A very simple and versatile Kalman filter
Kalman filtering is an algorithm for stabilizing measurements that are exposed to noise. The method uses statistical probability to estimate the "true value" behind the noisy input. Compared to many other filtering methods (such as low-pass filtering), the Kalman filter does not slow down the response, as it estimates both position and velocity of the value.
This implementation of the Kalman algorithm has a number of advantages:
- No dependencies, libararies or platform related stuff - just pure C++
- Simple to implement, use and understand
- Filters any number of inputs - with only a small impact on memory and processing time. This makes it very suitable for filtering multiple positions - e.g. camera tracking with varying number of interest points.
- Prediction takes time difference (delta time) into account, making it suitable for frame-rate varying systems.
#include <kalman.h>
KalmanFilter kf;
unsigned long timer = 0;
void setup() {
// Set initial state
kf.set(analogRead(0));
}
void loop() {
// Delta time : time since last prediction
float dt = (millis()-timer)/1000.f;
timer = millis();
// Kalman filter steps
kf.predict(dt);
int x = kf.get();
kf.correct(analogRead(0));
}
The Kalman algorithm has two parameters that affects the strength of filtering, but also the responsiveness of the output.
- Q - Process noise (covariance).
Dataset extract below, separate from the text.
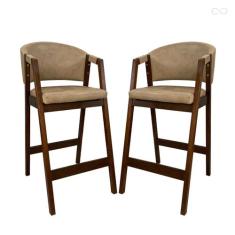 Kit 2 Banquetas Alta de Madeira Maciça Pinhão Ravena com Encosto Sinté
The amount the model is updated on every prediction.
- R - Measurement noise (covariance). The amount the input measurement affects the state of the filter. In general, the higher these values are, the stronger the filter.
kf.setProcessNoise(0.1, 0.01); // Position, velocity
kf.setMeasurementNoise(0.1);
KalmanFilter kf;
float mouse[2];
void setup() {
kf.init(2);
kf.setProcessNoise(0.1, 0.01);
kf.setMeasurementNoise(0.1);
}
void update() {
float dt = getLastFrameTime();
kf.predict(dt);
kf.get(mouse, 2);
kf.correct(getMousePos(), 2);
}
- KalmanFilter - The main class. Contains the noise parameters and any number of kalman models
- KalmanModel – The class that models the measurements. Holds the current state (x) and the error covariance (P)
- Vec2 - Vector or 1x2 matrix including various math operations.
- Mat2x2 - Matrix 2x2 including various math operations.